Face à cette union qui peut paraître alarmante, certains se montrent prêts à travailler main dans la main avec la Présidence de la République pour résoudre une crise sans précédent. Si le Parti Socialiste déclare que la situation n’a fait que confirmer que le macronisme plonge de plus en plus le pays dans le chaos, Olivier Faure salue avec panache la décision de Sébastien Lecornu sur le réseau social X : « Je me demandais s’il restait un gaulliste dans ce pays. Il en restait un, et il vient de démissionner avec dignité et honneur ». De fait, le Parti Socialiste tente de rappeler une position qui se veut conciliante envers le gouvernement, en déplorant sa chute (« nous n’avons jamais appelé à cela »), quitte à oublier qu’ils avaient annoncé voter la censure quelques heures plus tôt, et en se targuant d’être « des artisans de la stabilité (…) le seul groupe d’opposition capable de dialoguer ». Certains macronistes se présentent d’ailleurs favorables à une telle cohabitation. En premier lieu, la ministre sortante de la Transition Écologique, Agnès Pannier-Runnacher, qui déclare « À ceux qui pensent encore que l’on pourrait gouverner en faisant l’économie de la gauche, je dis : vous vous trompez ». Car si les Républicains ont fait le choix du cavalier seul, démontrant dès lors leur ambition et leur manque de fiabilité, il n’en est pas de même pour le Parti Socialiste, et in extenso les Écologistes, qui pourraient être un candidat crédible pour une future cohabitation.
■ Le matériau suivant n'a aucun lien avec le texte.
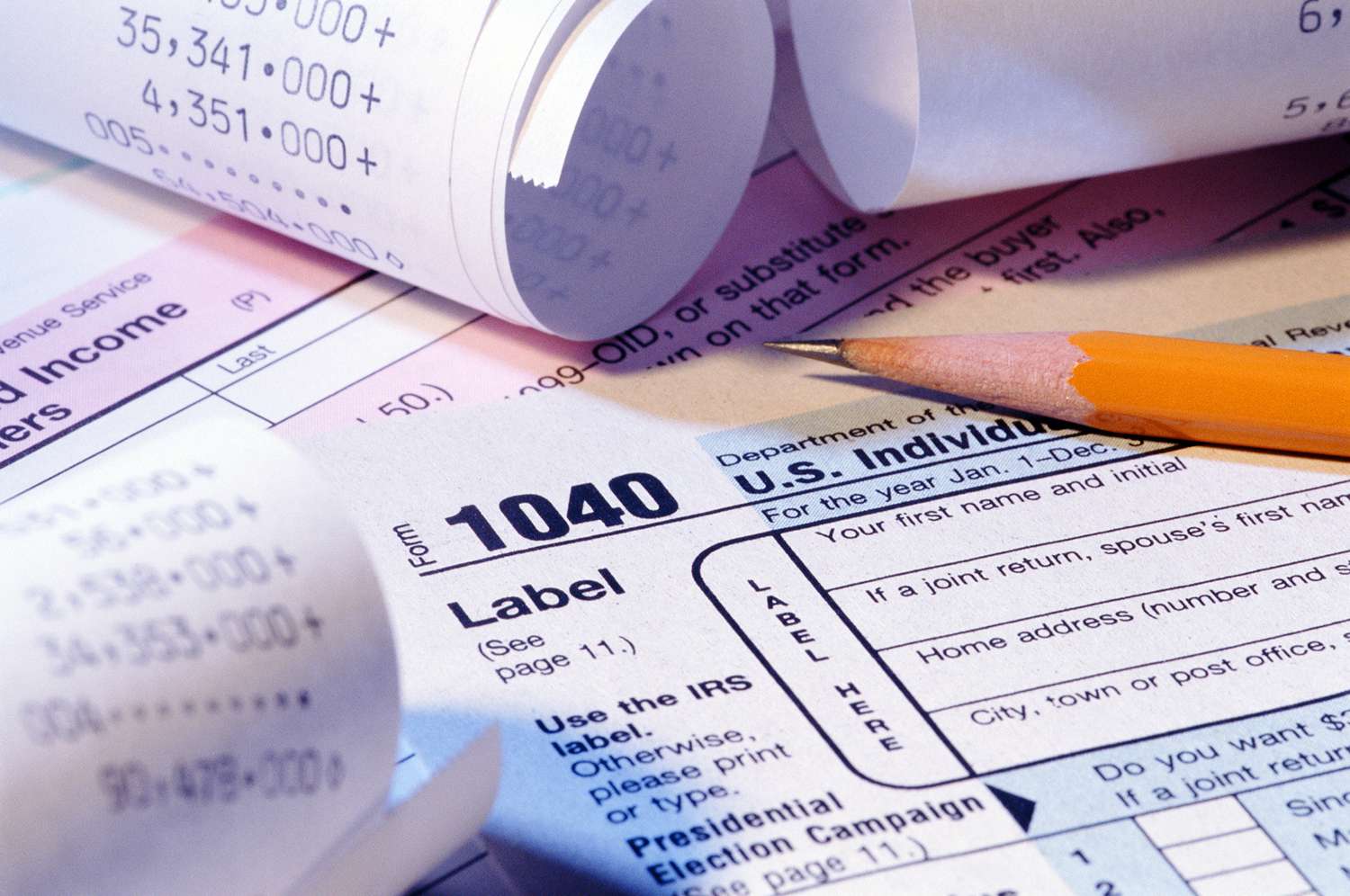 Tax Forms, Pencil and Receipts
Cette tentative presque annoncée de briguer la location de Matignon fait face à la volonté de la France Insoumise. Pour faire suite à la démission de Sébastien Lecornu, les Insoumis prônent la destitution du Président : Mathilde Panot déclare « Le compte à rebours est lancé, Macron doit partir », alors que Jean-Luc Mélenchon appelle à « l’examen immédiat » de la motion de destitution déposée le 9 septembre dernier. Mais la France Insoumise se montre aussi plus tempérée. Jusqu’alors intransigeante envers ses compatriotes de gauche, parfois affublés des doux noms de « traîtres » ou de « faux-jetons », La France Insoumise se montre conciliante, désireuse d'une « rencontre » entre les partis fondateurs de la Nupes. Une rencontre qui n’aura pas lieu, refusée par Marine Tondelier, secrétaire nationale des Écologistes et ignorée par le Parti Socialiste, n’oubliant pas les insultes proférées dans les derniers mois et qu’un gouvernement de gauche où la France Insoumise aurait sa place serait immédiatement censuré.
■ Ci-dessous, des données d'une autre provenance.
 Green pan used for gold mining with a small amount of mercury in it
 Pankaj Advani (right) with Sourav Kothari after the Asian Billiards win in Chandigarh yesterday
Quel que soit le bord politique, toutes les réactions à la démission semblent donc contredire le discours du lundi matin de Sébastien Lecornu, lorsqu’il évoque ce qu’il lui apparaît comme le plus important : « Il suffirait de peu pour que l’on puisse y arriver (…) en sachant faire preuve d’humilité. Peut-être aussi un peu parfois d’effacement de certains ego. Ensuite, toujours avoir le sens de l’intérêt général et du fond. (…) il faut toujours préférer son pays à son parti. Il faut savoir écouter ses militants, mais toujours penser aux Françaises et aux Français » Le pays est en proie, plus que jamais, aux luttes de pouvoir intestines, et chacun tente de voir son parti devenir locataire de Matignon.
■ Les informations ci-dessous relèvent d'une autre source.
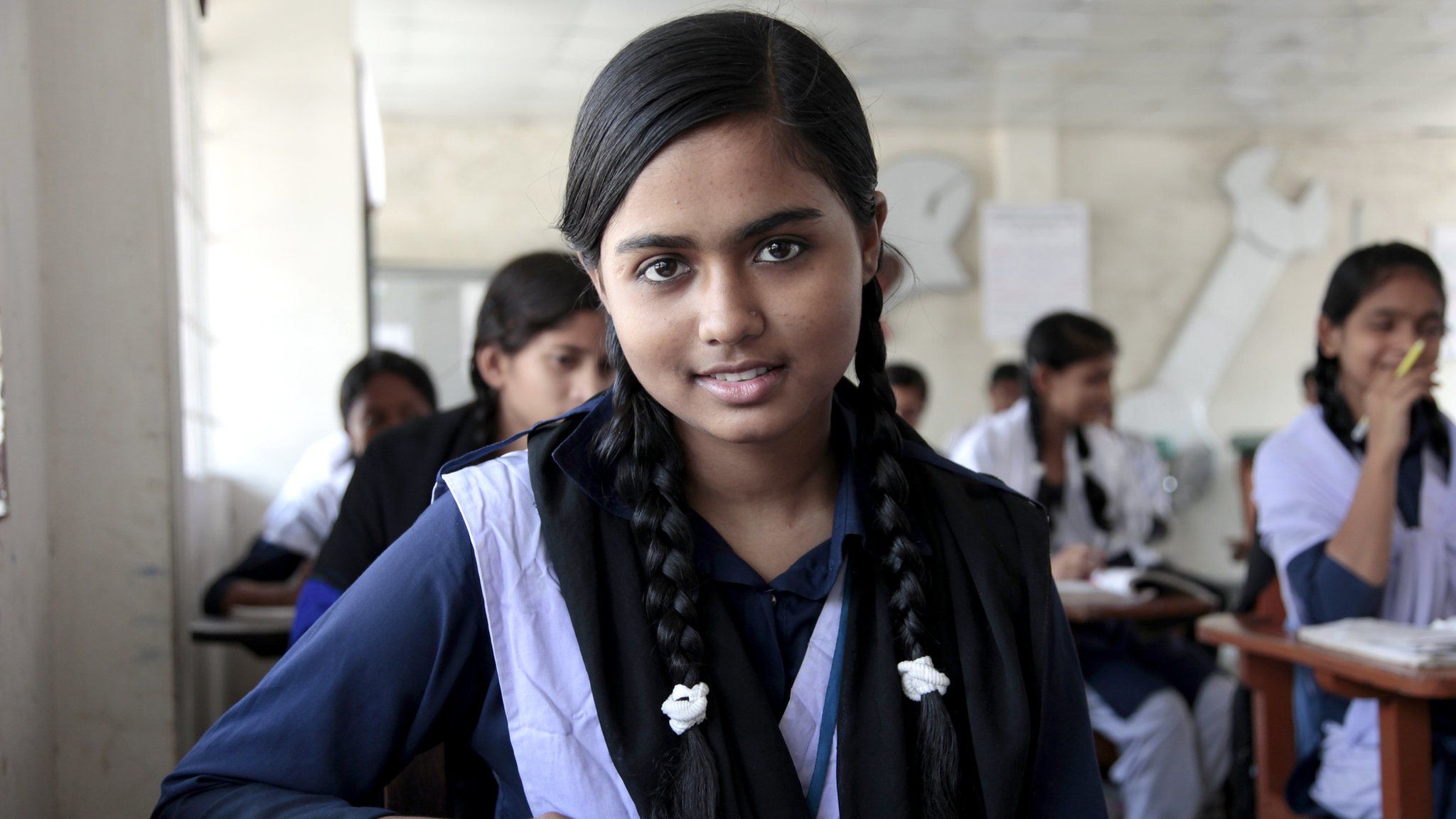Mim Akter, 16, seen in a school in Bangladesh in a handout photo from the former Department for International Development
Cependant, pour le Président, une seule solution sort du lot : celle de la cohabitation avec la gauche du Parti Socialiste et des Écologistes, afin d’éviter une dissolution qui donnerait le pouvoir à l’extrême-droite. Sans doute est-ce la raison pour laquelle E. Macron demandait d’ultimes négociations du Premier Ministre sortant avec les forces politiques d’ici mercredi. Au jeu de la dissolution ou de la cohabitation, notre Président montrera s’il est toujours le barrage contre l’extrême-droite qu’il a promis d’être en 2022.